ME!!! A few days ago, I took lunch to a friend whose son is having health problems. Since he is quarantined to his house and they aren't allowed visitors, I figured I could just leave Jayna in the running car and drop the food off at the door. Well, Jayna was asleep, so I did just that. However, I forget that I talk... A LOT! You would think I'd know myself by now, but no.
So I stood at the door and we talked for a while and in the middle of talking to my friend, I got a sick feeling in my stomach that said, "Jayna is probably screaming and puking all over herself right now," but instead of listening, I told myself that she was asleep and fine. Besides, the car was just right there in front of the house. Well, after I finally couldn't ignore my gut anymore, I dragged myself away from the conversation and as I approached the car I could see the pure terror in my child's eyes. I ripped open the door only to find a screaming child that was screaming so hard she was hoarse... :( I couldn't believe it! I felt like the worst mother ever and about started bawling myself.
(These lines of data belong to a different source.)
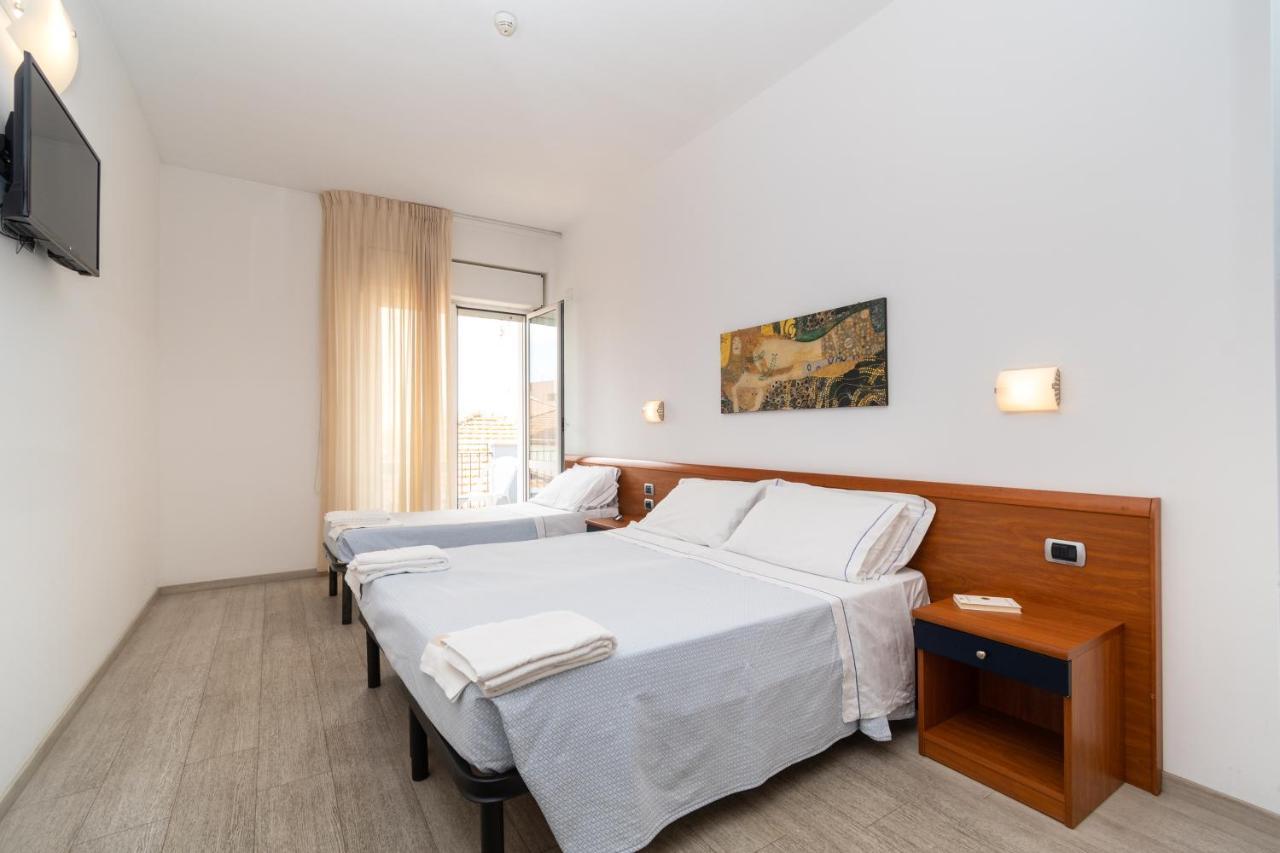 Hotel La Sirenetta Tortoreto Eksteriør bilde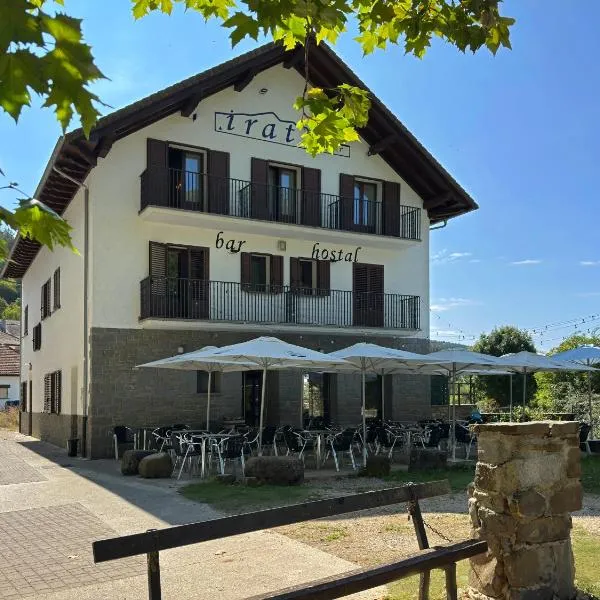 Hostal Iratibizkar, hotel in Ochagavía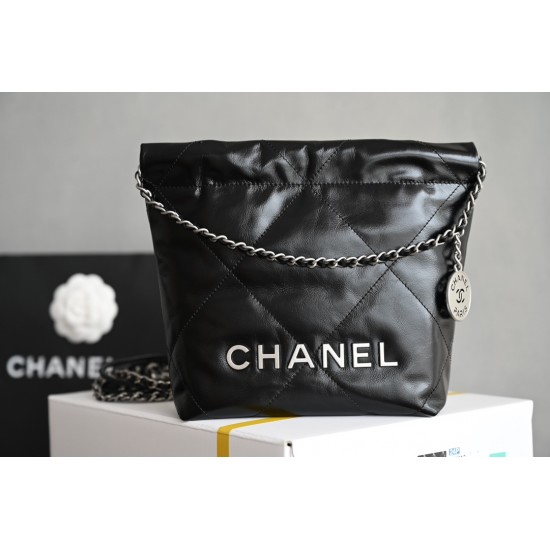 CHANEL 22 Bag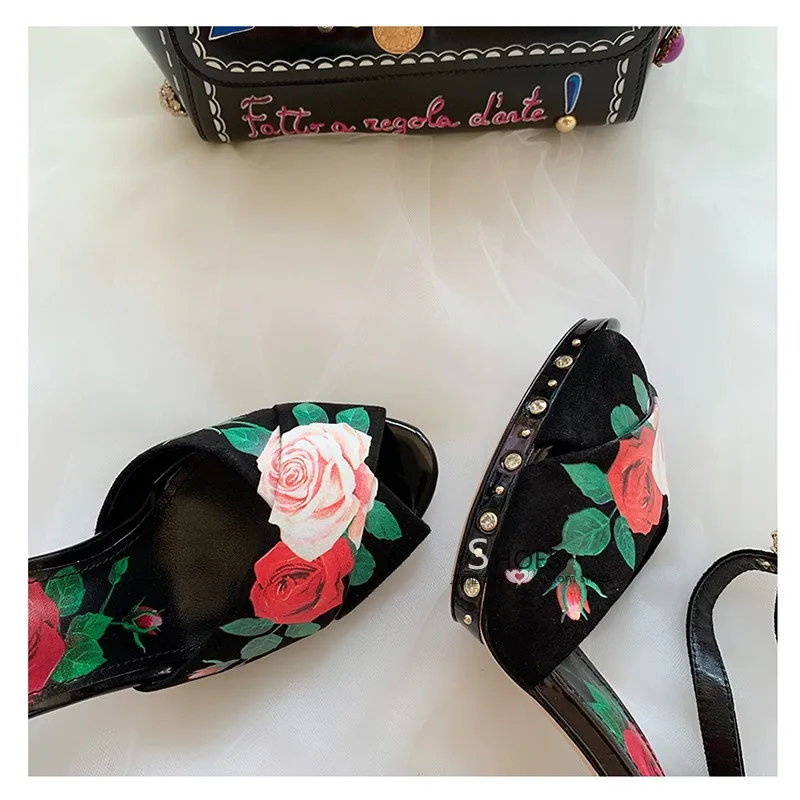 Высококачественные Дизайнерские летние босоножки на высоком каблуке с розой и цветочной вставкой; обувь с цветочным принтом для свадебной вечеринки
I tried to console her, but no consoling would be had. I drove home as fast as I could and pulled her out and held her, and didn't let her go for at least an hour. Man, that was stupid! Always listen to your gut!
Forgive yourself! Every mom I know has done something like that at some point. It is so easy to ignore the promptings because we are always worrying and try to tell ourselves not to worry from time to time. She won't remember it. And now you'll be more careful.